In the Part 1 of this series, I showed how to turn chessboard recognition into an optimization problem. In Part 2, I discussed different ways of solving this optimization problem, deciding on a custom evolutionary algorithm with tailored mutation operators described in Part 3. In this post, I discuss my solution. A video of the final solution is shown to the right.
Basic SolutionThe last three posts developed the chessboard recognition problem as an optimization problem to be solved by an evolutionary algorithm using specialized mutation operators. So given the score function that assigns a score to possible quadrilaterals as chessboard boundaries, this simple algorithm works as follows. First, a population of 100 quadrilaterals is generated by placing a virtual camera at a random positions around an imaginary chessboard and projecting the chessboard into the camera's frustrum. Then the following steps are repeated one hundred times:
- Each quadrilateral in the population is scored.

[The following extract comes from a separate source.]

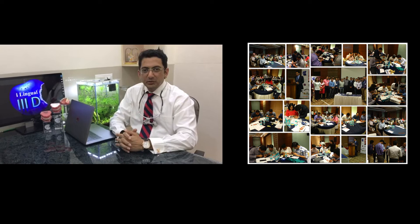Hi friends, I'm Dr. Dignesh Kothari. I'm happy to invite you to our course on Comprehensive Lingual Orthodontics in September 2017. This course will be conducted jointly by Dr. Rafi Romano and myself.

- The quadrilateral with the highest score is chosen; for this purpose the best quadrilateral from the last population is included, so that selection is elitist.
- The best quadrilateral is mutated using the tailored mutation operations to generate a new population of 10 quadrilaterals.
An Elitist Island Model
Although the basic solution works well, it sometimes gets stuck. This problem can be alleviated by running the basic algorithm several times in a distributed fashion. So when the chessboard detection system first starts, it runs the basic algorithm eight times in eight separate processes. Then each one of the eight instance of the algorithm returns a proposed solution. These eight solutions are compared using the score function, but with the addition of a score component that checks the color of the different board positions, which is too expensive to check for all 8,000 possible solutions. The best out of these eight solutions is chosen as the current best guess at the chessboard location for one time step. It takes 10-20 seconds to compute this guess.

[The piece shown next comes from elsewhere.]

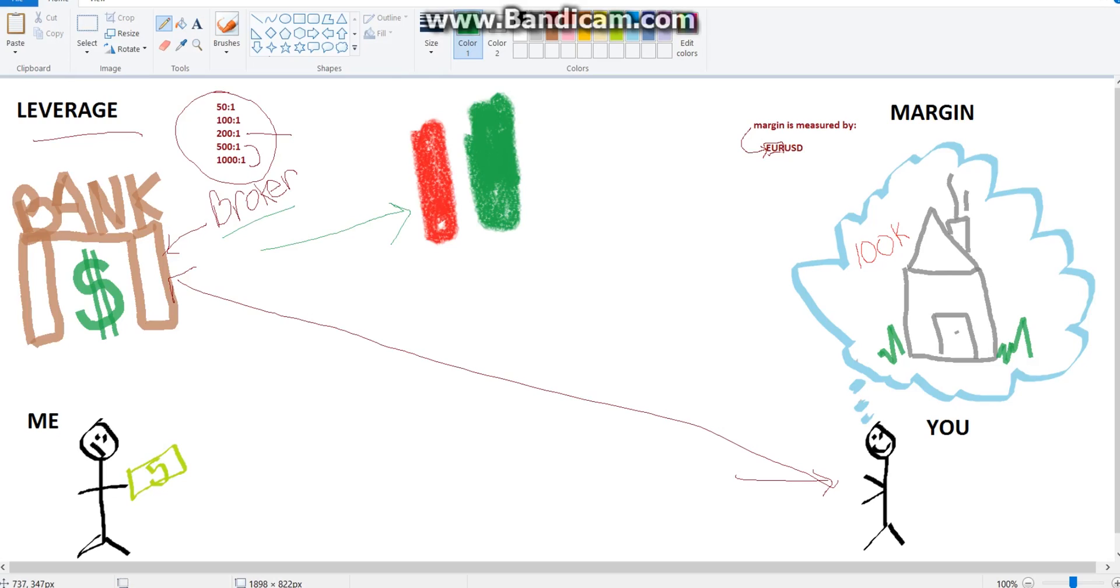So then for margin over here on the right hand side, margin is, or your free margin is your leftover money that you have to trade with, aside from the open positions that you have.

Then, for subsequent time steps, four smaller evolutionary algorithms are run. Rather than generating new chessboards from random camera positions, each algorithm is seeded with the initial guess, and generates a new population of ten quadrilaterals just as in Step 3 above. The algorithm is run for just ten more generations, and then the four best quadrilaterals for each evolutionary algorithm are compared again. Once again, the color information is also checked, and the best quadrilateral is published as the current chessboard guess. These smaller evolutionary runs are run in parallel and complete within 250 milliseconds. So after initialization, the entire model runs at 4 Hz, publishing four successive guesses at the chessboard per second.

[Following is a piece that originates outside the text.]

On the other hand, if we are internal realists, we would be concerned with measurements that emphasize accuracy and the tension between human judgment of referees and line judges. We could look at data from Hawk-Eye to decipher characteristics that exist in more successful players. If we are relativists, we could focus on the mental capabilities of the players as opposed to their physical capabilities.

An algorithm of this form is called an island model. Each distributed evolutionary algorithm is called an island, and when information travels between islands it is called migration. Island models can be very effective because they maintain some diversity across all islands while allowing a focused search on each island. In this case, our island model is elitist, because when the islands exchange information, it wipes out the past entirely.
Adapting to Change
One of the nice things about an evolutionary algorithm is that it adapts easily to change. If the board is moved while the board detector is running, it only takes a few cycles (5-10 seconds) for the best chessboard guess to adapt to the new reality. While this latency is not fast enough to allow the robot to move its eyes while tracking the board, it is good enough to adjust reasonably if someone accidentally (or intentionally) bumps into the board.
Also, in order to promote stability when the board does not change, it makes sense to keep old detected intersection points, since the lines and intersections detected at each frame may vary. In my approach, old intersection points are rolled off every 5 frames. This is enough to make the board detection robust, for example when an hand is placed between the camera and the board. You can see an example of this in the video above.
The overall solution is very robust and relatively fast. The image to the right shows what a converged example looks like, and the video above shows how the detection adjusts when the board is obscured or moved.